··· GIVEN RECORDS ···
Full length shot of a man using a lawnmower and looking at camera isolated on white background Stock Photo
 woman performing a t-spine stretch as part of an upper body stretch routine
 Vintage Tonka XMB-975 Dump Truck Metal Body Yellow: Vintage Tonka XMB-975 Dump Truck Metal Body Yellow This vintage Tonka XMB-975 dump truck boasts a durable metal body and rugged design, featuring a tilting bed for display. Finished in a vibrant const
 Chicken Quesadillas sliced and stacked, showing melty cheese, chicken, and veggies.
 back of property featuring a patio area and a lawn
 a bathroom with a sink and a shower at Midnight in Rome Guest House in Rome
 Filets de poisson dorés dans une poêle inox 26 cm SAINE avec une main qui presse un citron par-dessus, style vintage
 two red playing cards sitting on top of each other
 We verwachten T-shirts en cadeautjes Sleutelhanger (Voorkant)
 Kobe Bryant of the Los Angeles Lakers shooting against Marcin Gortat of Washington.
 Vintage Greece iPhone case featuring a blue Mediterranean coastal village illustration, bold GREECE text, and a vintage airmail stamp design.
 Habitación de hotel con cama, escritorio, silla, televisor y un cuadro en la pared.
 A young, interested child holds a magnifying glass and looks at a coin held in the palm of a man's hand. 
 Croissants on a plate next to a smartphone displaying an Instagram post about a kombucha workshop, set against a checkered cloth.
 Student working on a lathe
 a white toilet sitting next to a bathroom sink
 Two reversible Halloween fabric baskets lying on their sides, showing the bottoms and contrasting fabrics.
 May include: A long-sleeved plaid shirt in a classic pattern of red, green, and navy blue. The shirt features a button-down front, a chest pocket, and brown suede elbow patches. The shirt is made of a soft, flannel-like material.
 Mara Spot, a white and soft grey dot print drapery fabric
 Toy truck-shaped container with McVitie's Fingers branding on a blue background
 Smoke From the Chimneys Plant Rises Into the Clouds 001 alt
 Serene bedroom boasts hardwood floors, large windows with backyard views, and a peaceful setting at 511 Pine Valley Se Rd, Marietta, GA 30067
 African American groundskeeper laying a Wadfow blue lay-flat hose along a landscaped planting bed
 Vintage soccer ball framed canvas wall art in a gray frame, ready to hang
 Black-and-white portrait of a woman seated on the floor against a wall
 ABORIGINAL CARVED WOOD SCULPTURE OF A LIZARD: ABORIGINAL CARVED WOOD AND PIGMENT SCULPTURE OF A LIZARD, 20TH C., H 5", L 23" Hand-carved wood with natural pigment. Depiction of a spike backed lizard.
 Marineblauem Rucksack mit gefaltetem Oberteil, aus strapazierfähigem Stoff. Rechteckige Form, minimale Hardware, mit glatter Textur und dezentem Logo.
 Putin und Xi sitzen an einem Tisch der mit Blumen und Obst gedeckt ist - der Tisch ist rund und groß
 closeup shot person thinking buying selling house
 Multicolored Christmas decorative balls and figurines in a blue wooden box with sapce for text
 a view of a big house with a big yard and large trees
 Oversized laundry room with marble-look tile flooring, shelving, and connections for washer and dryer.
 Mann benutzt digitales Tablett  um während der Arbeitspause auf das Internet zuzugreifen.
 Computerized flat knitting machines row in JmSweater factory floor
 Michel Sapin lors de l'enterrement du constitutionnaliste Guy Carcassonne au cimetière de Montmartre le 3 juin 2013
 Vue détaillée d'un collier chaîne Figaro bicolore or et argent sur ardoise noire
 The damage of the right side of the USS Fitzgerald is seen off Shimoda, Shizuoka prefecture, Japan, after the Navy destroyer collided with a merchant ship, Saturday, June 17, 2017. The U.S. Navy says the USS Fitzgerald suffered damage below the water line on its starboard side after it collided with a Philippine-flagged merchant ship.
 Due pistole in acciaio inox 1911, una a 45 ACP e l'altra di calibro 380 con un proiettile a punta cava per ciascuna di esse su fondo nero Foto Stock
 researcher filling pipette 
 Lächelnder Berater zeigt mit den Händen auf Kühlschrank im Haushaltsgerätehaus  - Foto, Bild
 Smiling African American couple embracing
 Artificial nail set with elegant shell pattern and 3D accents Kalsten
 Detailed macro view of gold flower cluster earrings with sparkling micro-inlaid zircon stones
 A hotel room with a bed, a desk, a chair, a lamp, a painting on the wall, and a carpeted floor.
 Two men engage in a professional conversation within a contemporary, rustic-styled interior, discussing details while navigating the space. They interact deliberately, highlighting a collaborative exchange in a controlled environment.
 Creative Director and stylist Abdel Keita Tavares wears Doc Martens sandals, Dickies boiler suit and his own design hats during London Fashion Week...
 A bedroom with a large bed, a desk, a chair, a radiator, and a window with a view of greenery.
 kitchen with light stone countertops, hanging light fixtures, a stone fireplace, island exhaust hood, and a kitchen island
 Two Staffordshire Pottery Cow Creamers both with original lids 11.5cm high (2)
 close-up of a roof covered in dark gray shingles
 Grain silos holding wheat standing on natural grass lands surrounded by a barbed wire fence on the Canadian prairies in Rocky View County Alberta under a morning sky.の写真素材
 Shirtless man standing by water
···
#### ACTIVITY:
Exact duplication is required for the lines above, from the line that contains "a bathroom with" to the line that contains "African American groundskeeper", inclusive; omit all others.

#### RESULT:
 a bathroom with a sink and a shower at Midnight in Rome Guest House in Rome
 Filets de poisson dorés dans une poêle inox 26 cm SAINE avec une main qui presse un citron par-dessus, style vintage
 two red playing cards sitting on top of each other
 We verwachten T-shirts en cadeautjes Sleutelhanger (Voorkant)
 Kobe Bryant of the Los Angeles Lakers shooting against Marcin Gortat of Washington.
 Vintage Greece iPhone case featuring a blue Mediterranean coastal village illustration, bold GREECE text, and a vintage airmail stamp design.
 Habitación de hotel con cama, escritorio, silla, televisor y un cuadro en la pared.
 A young, interested child holds a magnifying glass and looks at a coin held in the palm of a man's hand. 
 Croissants on a plate next to a smartphone displaying an Instagram post about a kombucha workshop, set against a checkered cloth.
 Student working on a lathe
 a white toilet sitting next to a bathroom sink
 Two reversible Halloween fabric baskets lying on their sides, showing the bottoms and contrasting fabrics.
 May include: A long-sleeved plaid shirt in a classic pattern of red, green, and navy blue. The shirt features a button-down front, a chest pocket, and brown suede elbow patches. The shirt is made of a soft, flannel-like material.
 Mara Spot, a white and soft grey dot print drapery fabric
 Toy truck-shaped container with McVitie's Fingers branding on a blue background
 Smoke From the Chimneys Plant Rises Into the Clouds 001 alt
 Serene bedroom boasts hardwood floors, large windows with backyard views, and a peaceful setting at 511 Pine Valley Se Rd, Marietta, GA 30067
 African American groundskeeper laying a Wadfow blue lay-flat hose along a landscaped planting bed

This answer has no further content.